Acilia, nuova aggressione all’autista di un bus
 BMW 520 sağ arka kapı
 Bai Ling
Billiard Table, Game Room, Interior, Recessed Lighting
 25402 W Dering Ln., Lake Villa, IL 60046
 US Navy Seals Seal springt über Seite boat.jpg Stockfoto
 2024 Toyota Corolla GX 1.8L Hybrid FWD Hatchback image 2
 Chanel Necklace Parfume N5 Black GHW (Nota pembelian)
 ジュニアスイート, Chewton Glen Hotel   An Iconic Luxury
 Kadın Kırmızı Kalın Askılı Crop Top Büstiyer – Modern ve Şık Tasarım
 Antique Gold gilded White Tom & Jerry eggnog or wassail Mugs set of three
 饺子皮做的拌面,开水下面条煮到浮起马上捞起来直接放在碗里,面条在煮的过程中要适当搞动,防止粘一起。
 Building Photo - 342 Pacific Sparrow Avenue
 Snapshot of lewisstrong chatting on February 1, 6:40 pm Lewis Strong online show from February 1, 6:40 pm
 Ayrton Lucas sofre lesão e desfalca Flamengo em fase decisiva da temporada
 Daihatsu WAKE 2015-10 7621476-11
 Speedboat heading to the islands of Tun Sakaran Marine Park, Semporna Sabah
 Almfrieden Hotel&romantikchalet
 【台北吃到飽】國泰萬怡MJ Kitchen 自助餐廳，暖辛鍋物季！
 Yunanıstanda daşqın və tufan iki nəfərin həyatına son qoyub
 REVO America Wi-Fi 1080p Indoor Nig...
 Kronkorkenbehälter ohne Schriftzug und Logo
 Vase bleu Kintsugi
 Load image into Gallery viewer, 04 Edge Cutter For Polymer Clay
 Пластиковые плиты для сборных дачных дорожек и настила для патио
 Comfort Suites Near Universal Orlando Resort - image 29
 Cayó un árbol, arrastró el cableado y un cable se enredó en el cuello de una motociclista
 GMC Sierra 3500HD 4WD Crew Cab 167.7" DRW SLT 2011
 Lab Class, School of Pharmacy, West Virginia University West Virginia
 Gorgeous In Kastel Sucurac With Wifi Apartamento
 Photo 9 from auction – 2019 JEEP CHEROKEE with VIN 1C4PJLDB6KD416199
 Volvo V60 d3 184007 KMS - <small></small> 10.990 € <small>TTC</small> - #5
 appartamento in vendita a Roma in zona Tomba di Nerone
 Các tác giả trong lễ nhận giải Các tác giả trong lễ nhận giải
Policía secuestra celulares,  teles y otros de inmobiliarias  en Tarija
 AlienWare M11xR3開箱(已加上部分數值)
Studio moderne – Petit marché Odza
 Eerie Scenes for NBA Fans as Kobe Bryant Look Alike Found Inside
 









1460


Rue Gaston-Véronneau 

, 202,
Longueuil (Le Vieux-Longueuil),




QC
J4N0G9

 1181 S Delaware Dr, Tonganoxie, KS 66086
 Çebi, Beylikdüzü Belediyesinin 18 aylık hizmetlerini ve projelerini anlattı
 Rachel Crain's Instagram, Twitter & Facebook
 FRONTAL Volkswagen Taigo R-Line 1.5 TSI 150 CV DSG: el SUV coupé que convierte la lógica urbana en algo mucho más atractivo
□ □ □ □ □
__Exercise requirements__.
Write out, word for word, the lines from the one containing "Rachel Crain's Instagram, Twitter & Facebook" through the end of the records, with no other lines.

__Solved exercise__.
 Rachel Crain's Instagram, Twitter & Facebook
 FRONTAL Volkswagen Taigo R-Line 1.5 TSI 150 CV DSG: el SUV coupé que convierte la lógica urbana en algo mucho más atractivo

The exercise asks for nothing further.